In his appeal, which was issued March 29, 2002, the winner
of the 1989 Nobel Peace Prize said, "I am deeply saddened
to learn that Mongolia encourages trophy hunting of rare
and endangered species for tourism. We all know that taking
others life in general is against Buddhist principles . . . It is
because of this that Tibet as a Buddhist country in the past
had banned hunting of animals of any form." He concluded,
"I therefore appeal to all concerned in Mongolia not to
indulge in trophy hunting of rare and endangered species. I
make this appeal as a Buddhist because of our respect and
compassion for all living beings."
An estimated 95% of Mongolia's population of 2.5 million are
practitioners of Tibetan Buddhism. The Dalai Lama's appeal
was in response to a request from Norm Phelps, Spiritual
Outreach Director of The Fund for Animals.

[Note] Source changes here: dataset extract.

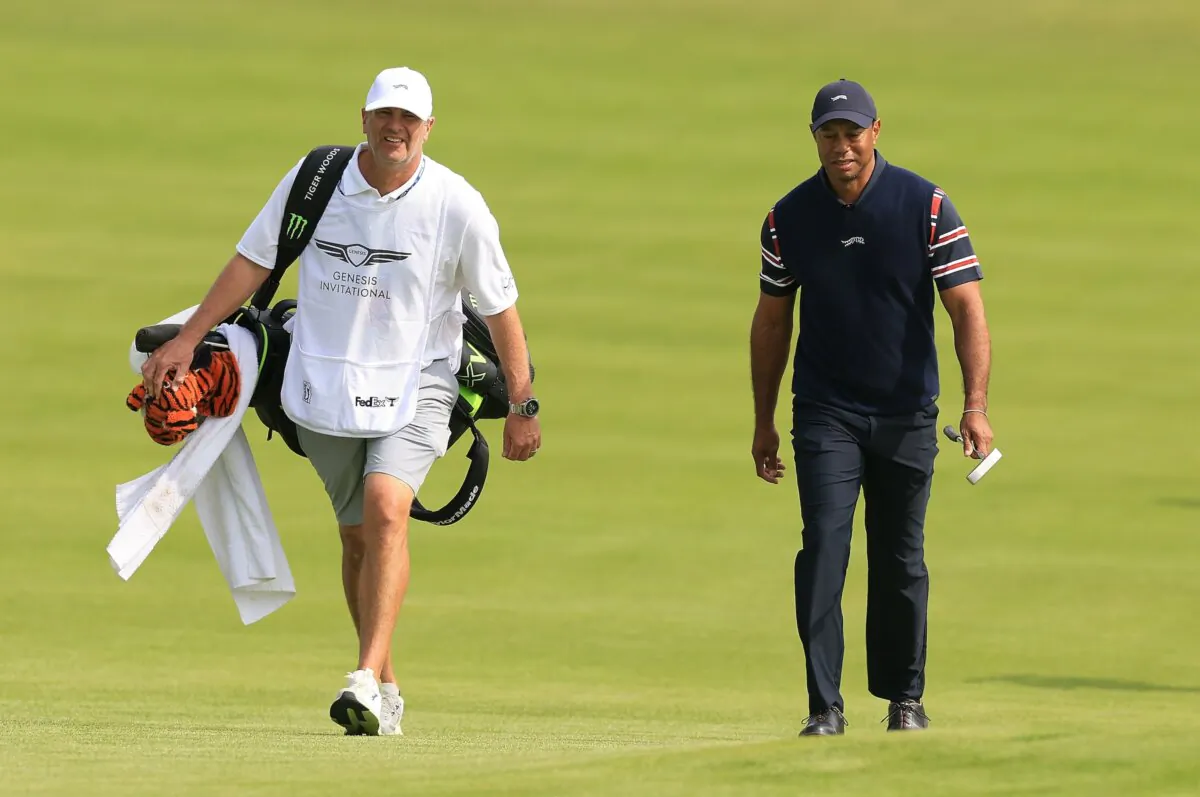 Tiger Woods of the United States and his caddie Lance Bennett walk the second hole during the second round of The Genesis Invitational at Riviera Country Club in Pacific Palisades, Calif., on Feb. 16, 2024. (Sean M. Haffey/Getty Images)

To promote tourism, Mongolia encourages the trophy
hunting of rare and endangered species such as the argali,
the world's largest wild sheep, whose spectacular spiral
horns make them prime targets for hunters. The Fund for
Animals, along with other groups and two Mongolian
scientists, filed suit against the U.S. Fish and Wildlife
Service in April 2001 to prevent the import of sport hunted
argali trophies, and to list the argali population as
endangered throughout its entire range in Asia. That suit is
Noting that "The Dalai Lama is among the most respected
spiritual leaders in the world," Michael Markarian, Executive
Vice President of The Fund for Animals, said that, "His
unequivocal appeal for an end to the cruel and ecologically
dangerous practice of trophy hunting is an inspiring example
of the Dalai Lama's continuing leadership in the international
campaign to save the vanishing wildlife of Central Asia."